Euro at new high on German data

The euro hit a record high against the U.S. dollar after further evidence of improvement in German business confidence. The ZEW investor expectations index improved to five-month high of -32 in March from -39.5, one week after the IFO index hit a three-month high in February. EUR/USD jumped by a full cent in less than one hour to $1.5494, sending gold higher by $15 to $985 per ounce. The report solidifies the euro’s broadening rally by quelling expectations of an European Central Bank (ECB) rate cut and further damages sentiment in the dollar.
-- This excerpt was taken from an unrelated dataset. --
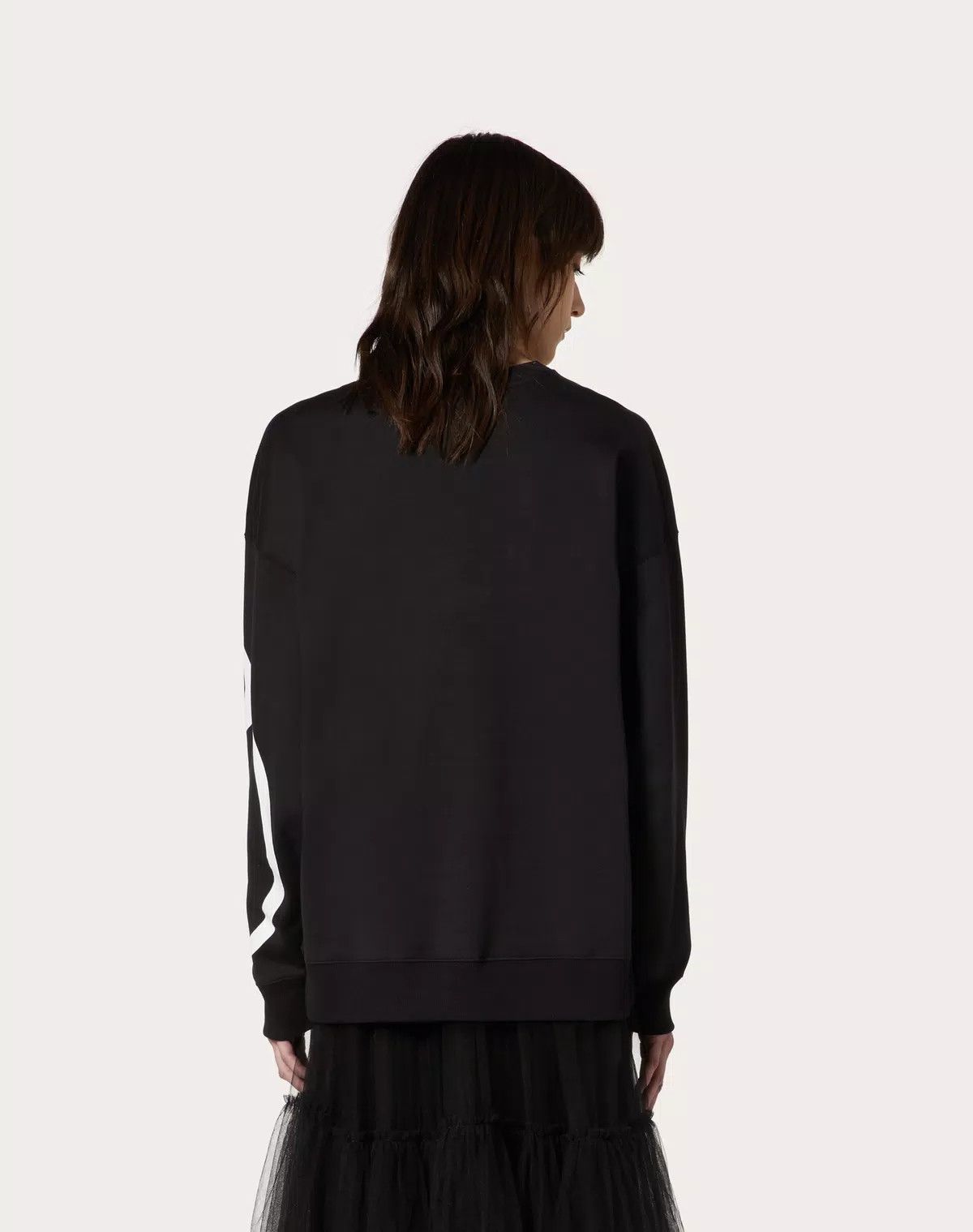 Valentino o1s1wg110625 Logo Sweatshirt in Black Size XS / US 0-2 / IT 36-38 - 4 Thumbnail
We could see further dollar losses at 8:30 am when the U.S. trade deficit is expected to have widened to $59.5 billion in January from $58.8 billion due to soaring oil imports. The silver lining of the U.S. trade gap is that U.S. exports have grown for an unprecedented 10 consecutive months, while imports have risen three times out of the last 10 months. A figure above $59 billion would also pose a drag on U.S. Q1 gross domestic product (GDP) growth and further confirm a recession.
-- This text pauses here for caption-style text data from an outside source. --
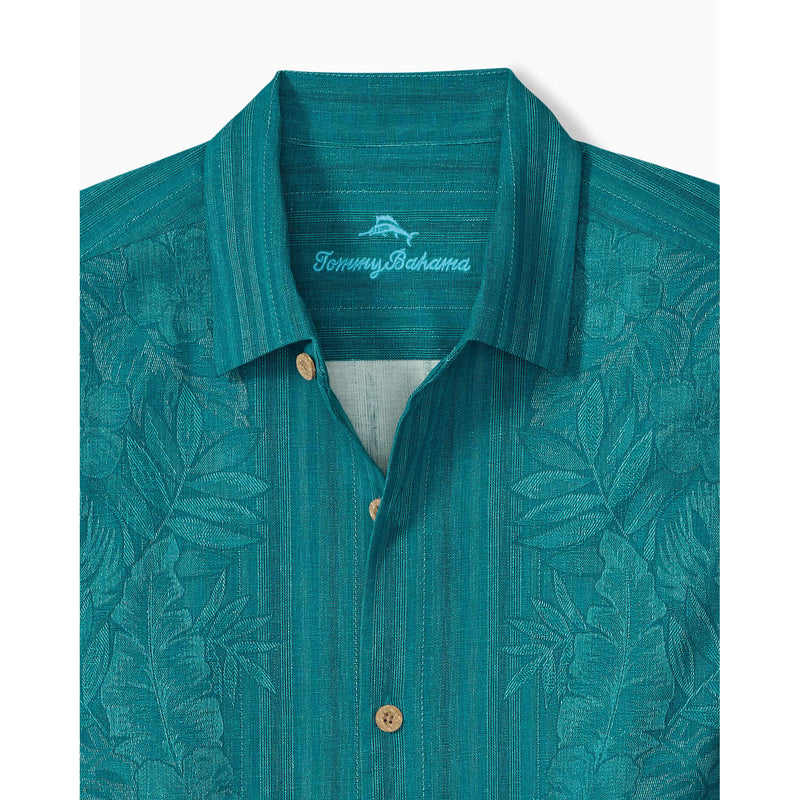 Tommy Bahama Men's Big & Tall Maui Border Silk Camp Shirt - Shipwreck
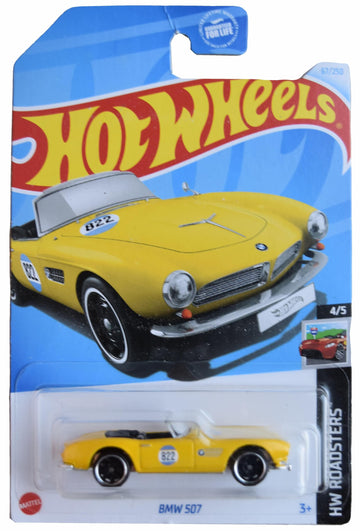 Hot Wheels BMW 507, HW Roadsters 4/5 [Yellow] 67/250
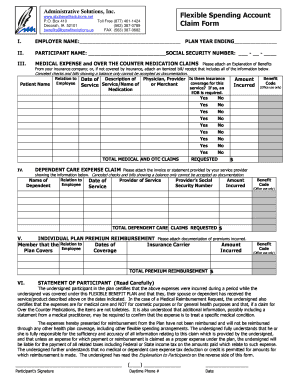 Flexible Spending Account Claim Form ABC Benefit Solutions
Euro eyes $1.5530 after ZEW

The euro powers ahead across the board after the ZEW’s economic expectations index improved to -32.0 from -39.5, overshooting expectations of a -40.0 figure. The current conditions indicator eased to 32.1 from 33.7, but was better than the 30.0 median forecast. After the figures, Bundesbank Chief and ECB Governing Council Member Weber said the German economy shows “solid upswing,” adding that inflation may not recede much. Weber reiterated the ECB’s line that of increased downward risks to growth.
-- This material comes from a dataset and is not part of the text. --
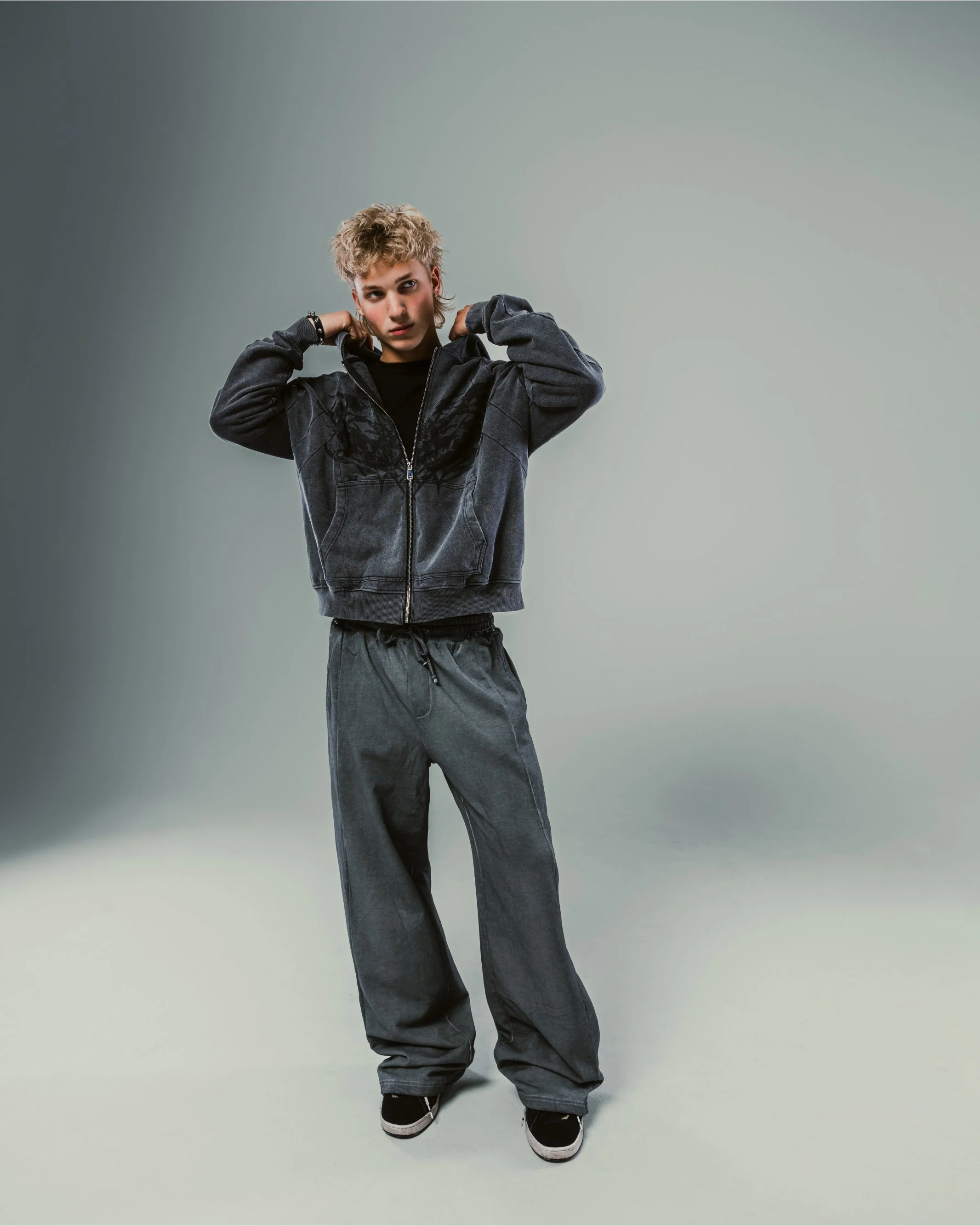 Dust Slate Washed Basic Sweatpants - Image 3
EUR/USD: eyes $1.5520 and 1.5555, with downward retracement seen supported at 1.5430 and 1.5470.

EUR/CAD: surges to fresh 10-month highs at 1.5370 and will likely extend gains to 1.5390. Key resistance stands at 1.5425, but rising oil prices may stand in the way for a possible 1.5440. Support climbs to 1.5250 and 1.5280.

EUR/AUD: faces interim resistance at 1.6800, followed by 1.6830, with support climbing at 1.67 and 1.6730.

USD/JPY cappped at 102.80

The Japanese yen drops across the board on improved risk appetite following a broad sell-off in Wall Street, but stabilizing conditions in Europe have led to profit taking in the Japanese currency. Overall sentiment remains yen positive especially after the S&P 500 broke below the 200-week moving average for the first time since 2004. Former "Mr. Yen," Eisuke Sakakibara said today the yen will pass the Y100 level soon as the U.S. economy enters recession in H1 while adding that China’s financial bubble will collapse. Mr. Sakakibara was the highly influential Vice Finance Minister for International Affairs during the late 1990s whose words were notorious for causing sharp yen fluctuations.

USD/JPY faces interim upside at 102.40, followed by 102.75-80, but lingering uncertainty in U.S equities is seen recalling the 101.80 and 101.50 targets.

Sterling thrives on euro strength

Negative UK housing news is not reflected in the GBP/USD rate as the currency followed the euro higher against the USD. The UK’s Royal Institute of Chartered Surveyors said 4% of surveyors reported rising home prices versus 57% reported falling prices, leading to a net balance of - 53%. Adjusted for seasonal factors, the net balance stands at - 64.1%, the worst since housing crash of 1990.

Cable eyes $2.0190, followed by 2.0230, but renewed declines in equities are seen negative for the high yielder. Downside target stands at $2.0150, backed by 2.0110.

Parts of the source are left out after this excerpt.